Le changement climatique a-t-il un impact sur votre façon de travailler ?
"Avant, il y avait aussi des tempêtes et des sécheresses. Il ne faut pas exagérer, mais globalement, le climat est en effet un peu plus doux, ce qui raccourcit la saison de plantation. Le drainage ou l'irrigation permet de pallier beaucoup de soucis aujourd'hui. Nous essayons de garder la tête froide et de faire de notre mieux. Il est impossible de tout contrôler, même si cela peut être frustrant. Je pense ici à une cliente apicultrice, qui a beaucoup de plantes mellifères dans son jardin. Malheureusement, elle se retrouve aujourd'hui envahie de frelons qui déciment ses abeilles."

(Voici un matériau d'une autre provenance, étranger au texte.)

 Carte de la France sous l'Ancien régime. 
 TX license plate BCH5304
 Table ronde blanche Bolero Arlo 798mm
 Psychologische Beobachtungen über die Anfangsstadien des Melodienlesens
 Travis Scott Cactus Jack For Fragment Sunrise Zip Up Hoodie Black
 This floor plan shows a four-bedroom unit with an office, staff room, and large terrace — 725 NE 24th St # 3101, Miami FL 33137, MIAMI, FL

Considérez-vous la technologie et la numérisation comme une opportunité ou plutôt comme une menace ?
"Comme une opportunité. Aujourd'hui, nous pouvons contrôler l'irrigation à distance via une application et le piscinier peut même vérifier la qualité de l'eau via son téléphone. La technologie nous fait gagner énormément de temps. Je ne suis pas un grand fan des tondeuses robots, mais le rapport qualité/prix est bon. Si vous tondez vous-même de temps en temps ou si vous faites tondre, ce genre de robot peut faire le plus gros du travail."
"Il y aura toujours beaucoup de travail manuel, mais j'en aurai bientôt fini de tailler des kilomètres de haies à la main. Ce n'est pas productif. Encore une fois, c'est une tâche que je suis heureux de confier à quelqu'un qui possède les machines et le savoir-faire adéquats. Cela n'a aucun sens que chaque entrepreneur de jardins investisse lui-même dans ce type d'équipement pour les quelques clients qui en ont besoin.”

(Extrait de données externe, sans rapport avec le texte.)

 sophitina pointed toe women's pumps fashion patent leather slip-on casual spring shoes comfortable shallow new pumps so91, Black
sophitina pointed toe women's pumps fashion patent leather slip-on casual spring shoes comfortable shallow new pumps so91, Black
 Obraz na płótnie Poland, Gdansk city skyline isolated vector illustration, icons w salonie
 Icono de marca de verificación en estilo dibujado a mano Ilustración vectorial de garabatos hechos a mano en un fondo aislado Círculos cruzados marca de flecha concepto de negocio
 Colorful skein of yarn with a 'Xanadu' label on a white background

Avez-vous une crainte particulière ?
"La difficulté à trouver du personnel. J'emploie aujourd'hui huit personnes de manière permanente et je ne prévois pas de croissance à court terme, car je ne trouve tout simplement pas de candidats. Je suis assez réticent à l'idée d'engager des personnes sans expérience, car cela met la pression sur toute l'équipe. J'ai récemment dû me séparer de quelqu'un parce qu'au bout de deux ans, il n'avait toujours pas le niveau de performance que j'attends. C'est difficile, mais je ne peux vraiment pas tolérer le manque de professionnalisme. Ce n'est pas non plus correct envers les collègues, car ils doivent à chaque fois rectifier le tir.”

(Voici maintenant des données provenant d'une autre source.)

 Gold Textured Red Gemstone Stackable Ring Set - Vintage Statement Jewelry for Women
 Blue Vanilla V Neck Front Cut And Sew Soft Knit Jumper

"La situation actuelle du marché me préoccupe. Tout est devenu cher, aussi bien les matériaux de construction que les plantes. Le coût de la main-d'œuvre a fortement augmenté et les guerres ajoutent encore à l'incertitude. Cela pèse sur le mental. Si l'on ajoute à cela le fait que les clients sont devenus plus critiques ces dernières années et qu'ils hésitent plus longtemps avant de signer une offre, cela ne facilite pas les choses."
Stijn n'a pas d'objectifs concrets pour l'avenir proche, mais il ne veut certainement pas renoncer à sa quête de perfection. Il espère surtout qu'il ne pleuvra plus : "Nous ne pouvons pas planter grand-chose. Si le temps reste aussi humide jusqu'à ce qu'il commence à geler, les jeunes plantes ne survivront certainement pas. Parfois, je n'en dors pas." Par ailleurs, il ne dirait pas non à un beau projet à l'étranger : "Mais c'est moins évident au niveau de l'organisation. Et bien sûr, il m'arrive de voir de chouettes projets de construction ou des sites intéressants pour lesquels je me dis : ce serait formidable qu'ils m'appellent. Et parfois, c'est ce qui se passe.”